Because a little time and labour will not break them; as it is not an hour’s work that will break a colt for the saddle, that he may be pliable when he is to be rid; and our spirits being naturally more wild than colts; he therefore, that would not be thrown, or disappointed of his journey in the fast, must take his spirit to task beforehand. The more dull a boy is, the more time he must take to learn, especially an hard and long lesson, if he mean to say it perfect.

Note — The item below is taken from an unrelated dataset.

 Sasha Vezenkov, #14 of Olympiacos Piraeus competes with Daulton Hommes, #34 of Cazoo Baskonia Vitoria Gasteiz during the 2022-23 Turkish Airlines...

The fast-day is a day of arraignment, our day of trial. If we expect to come off without loss, had we not need to get our wits about us beforehand? To bespeak our judge? To get all our plea in readiness? Without preparation, something or other may be forgot, or neglected, which being then to seek, may mar all; as the foolish virgins were cast for lack of preparing oil before-hand. It is a good rule, praemonitus, et praemunitus; that is, forewarned is forearmed. Now if our minds be a wool-gathering, and we be as bad husbands, that leave their cause at sixes and sevens, till the very trial, whilst the adversary is fortifying his accusations against us; shall we not then be left speechless, and be foiled? If men be but to travel a journey, will they not provide over-night? If to wash or brew, will they not get things in a readiness beforehand? How much more in so weighty a matter? When horses are to run a hard race, will not men pull up their bellies, and diet them before, that they may not fail in the race? If men be to make speeches, will they not whet their wits and study beforehand? In brief, are men unfit for anything of moment, till they consult and pause afore-hand? And can such a work, as a fast, be done without predisposition?

But how shall a man get his spirit fitly disposed? Let him take a survey of the present indisposedness of it, whether it be ignorance, faintness, or averseness; let him give an evaluation of his corruptions, by which he may feel what rooting they have. Let him resolutely tie himself to the work. Let him enter the plough of examination and humiliation. Let him earnestly seek Christ to bring his Spirit to it; to mortify his corruptions, and to quicken his own spirit.